На почве такого сознания может возникнуть своеобразная проповедь невысокой морали. Классическое выражение ее дал Гораций в своих правилах «золотой середины», которую он, между прочим, рекомендовал Мурене, запоздалому политическому агитатору, пытавшемуся составить заговор на жизнь Августа: «Не пускайся в открытое море, но берегись также скалы и камней у берега… Помни, что чем больше дерево, тем страшнее ему вихрь, чем выше башня, тем больше грозит ей падение… В несчастье надейся, в счастье беспокойся: все меняется… Когда ветер попутный чересчур вздует наши паруса, лучше спустим их поскорее».

В послании к своему патрону Меценату Гораций заявляет свое презрение к «тысячеголовому зверю», народу римскому; он не пойдет за общим кликом: «Граждане, граждане, прежде всего, обогащайтесь; сначала капитал, потом добродетель». Ему надоело слышать: «Делай дела честным путем, если возможно: но раз ты не похлопочешь составить себе состояние какими бы то ни было средствами, не будешь сидеть в первых рядах театра!» Нет, его девиз: «Бодрым и свободным духом встречать грубые толчки судьбы». В другой раз он опять нападает на культ золотого тельца, «царя-капитала», который доставляет человеку жену, приданое, друзей и кредит, возводит его в высшее звание и заставляет верить всех в красоту, красноречие и прочие достоинства его обладателя. Все это элементарно благородно, но Гораций не замечает, что своим учением о золотой середине, отстранившим высокие порывы и суживающим смелые кругозоры, он лишил себя права протестовать против дальнейшего понижения общественной морали, против разнуздывающейся пошлости и цинизма; нельзя безнаказанно славить покойный досуг и возможность удаления от общественных задач, которые возьмет на себя некое земное провидение, «страж человечества», как выражается Гораций об Августе: тому, кто объявил упраздненными всякие общественные обязанности, не спасти человека в его достоинстве, у него нет оружия против торжества низменных инстинктов.
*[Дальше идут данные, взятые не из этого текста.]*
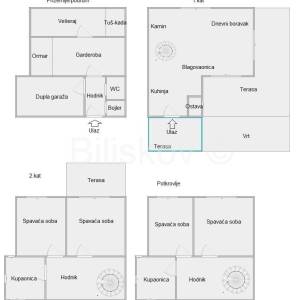 Prodaja, Zagreb, Šestine, samostojeća kuća, 2 stana, garaže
У этих отрекшихся граждан, у этих неустанных панегиристов социального мира равнодушие или даже отвращение к внутренней политике соединяется с воинственным патриотизмом во внешних делах. Неверной рукой старается Гораций начертить пропись любви к отечеству, т. е. главным образом к широте и необъятности его границ. По видимому, эти наставления весьма далеки от его интимных вкусов, и он берет на себя полувынужденно несвойственное характеру поручение в интересах двора, под охраной которого он укрылся. То он пытается представить блеск побед над врагами в виде искупления преступной внутренней распри: «Если бы можно было перековать отупевшее в резне граждан оружие и очистить его истреблением парфян и арабов!» То поэт-скептик принимает на себя еще более неблагоприятную задачу и напоминает, что римляне, дважды побитые парфянами, пострадали за свое бесчестие, за пренебрежение к святыням, которые лежат заброшенные и в развалинах. Тот страх, от которого Лукреций надеялся навсегда избавить дух человеческий, еще не обуял, вероятно, Горация, но он уже повторяет чужие слова в этом направлении, он, лично свободный, уже служит выразителем религиозно-реакционных идей, идущих об руку с политическим падением. Как бы то ни было, Гораций отдает дань империализму и возносит римское оружие, «дошедшее до последних пределов мира, где на одном конце яростно пышет полуденный огонь, а на другом стоит вечный туман и дождь».